(Image-text web data)
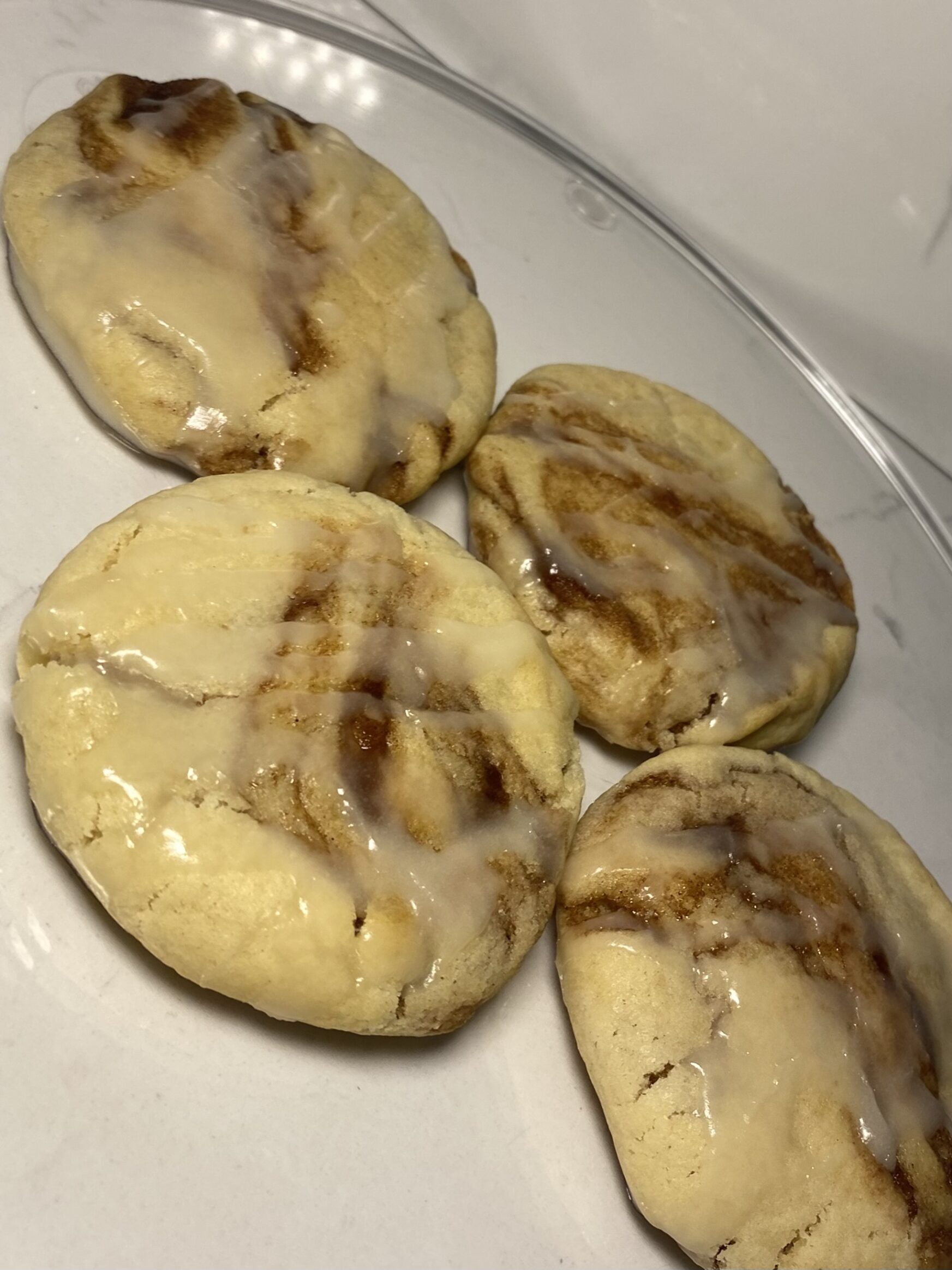 Cinnamon Roll Cookies with icing and brown sugar swirl.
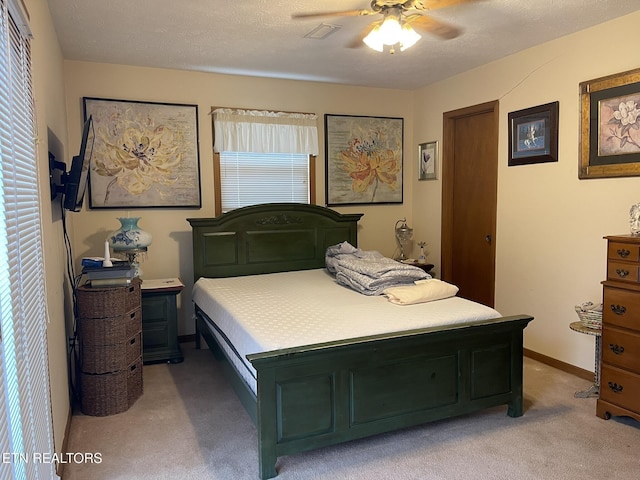bedroom with light colored carpet and ceiling fan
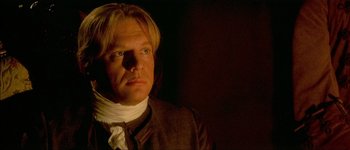 Movie still from “Brotherhood of the Wolf” (2001), directed by Christophe Gans – A person wearing a neck brace; Close Up shot, Over the shoulder angle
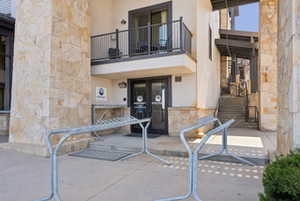 View of exterior entry with stucco siding, stone siding, and a balcony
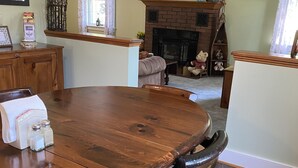 A spacious living room with a large wooden dining table, comfortable seating, a fireplace, and a television mounted on the wall. - Just 3 miles Cooperstown, Hall of Fame, 2.5 miles to Baseball Dreams Park. (Cooperstown)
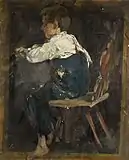 座っている少年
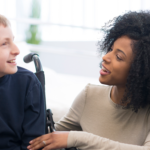 A woman smiling and talking to a young boy in a wheelchair.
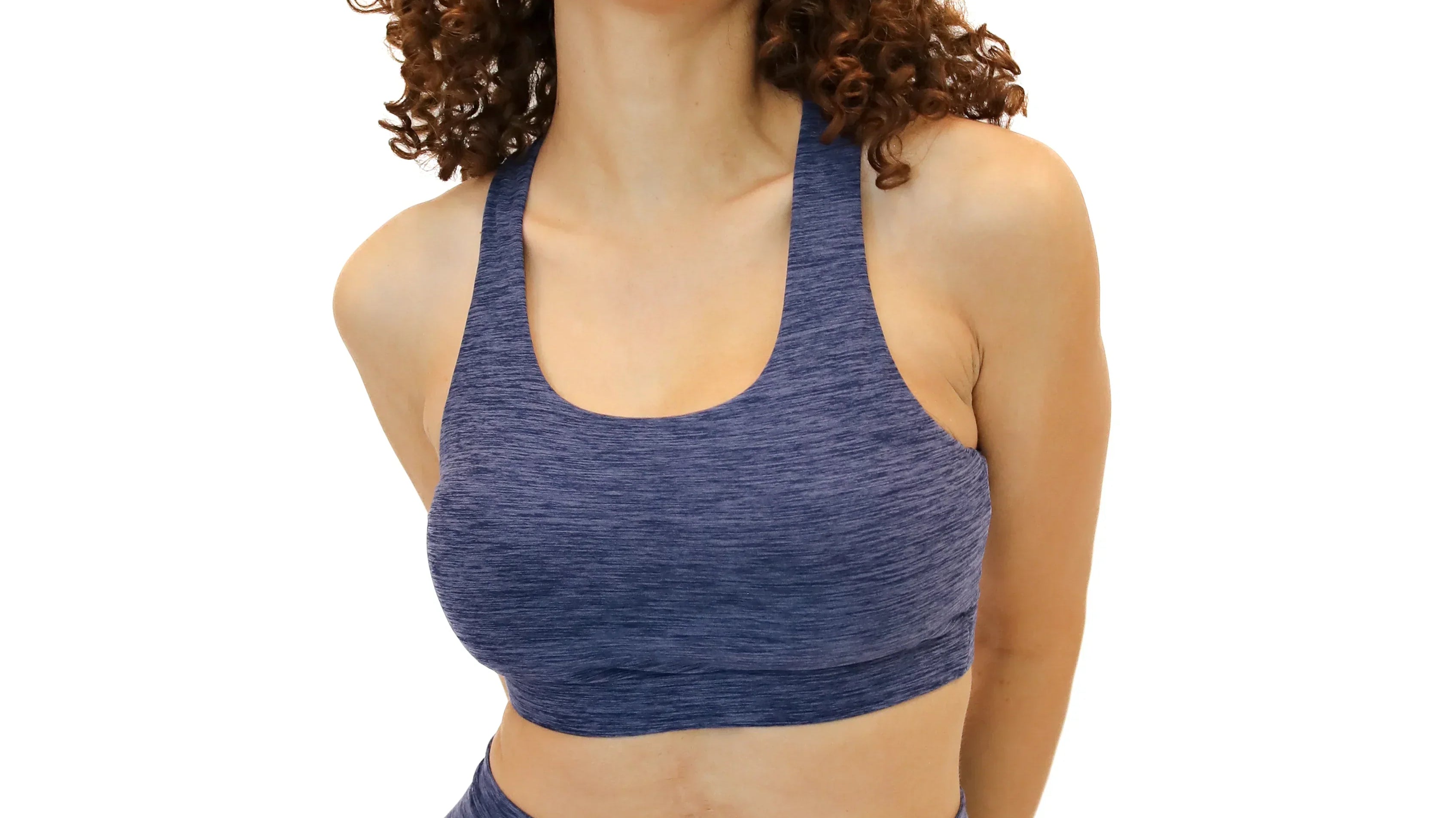 Front view of a smiling woman with curly brown hair wearing a scoop-neck, racerback sports bra and matching high-waisted leggings in a heathered navy blue fabric.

## Directions for this task
Each record above needs to be retyped exactly, without any pictures.

## Solution
 Cinnamon Roll Cookies with icing and brown sugar swirl.
bedroom with light colored carpet and ceiling fan
 Movie still from “Brotherhood of the Wolf” (2001), directed by Christophe Gans – A person wearing a neck brace; Close Up shot, Over the shoulder angle
 View of exterior entry with stucco siding, stone siding, and a balcony
 A spacious living room with a large wooden dining table, comfortable seating, a fireplace, and a television mounted on the wall. - Just 3 miles Cooperstown, Hall of Fame, 2.5 miles to Baseball Dreams Park. (Cooperstown)
 座っている少年
 A woman smiling and talking to a young boy in a wheelchair.
 Front view of a smiling woman with curly brown hair wearing a scoop-neck, racerback sports bra and matching high-waisted leggings in a heathered navy blue fabric.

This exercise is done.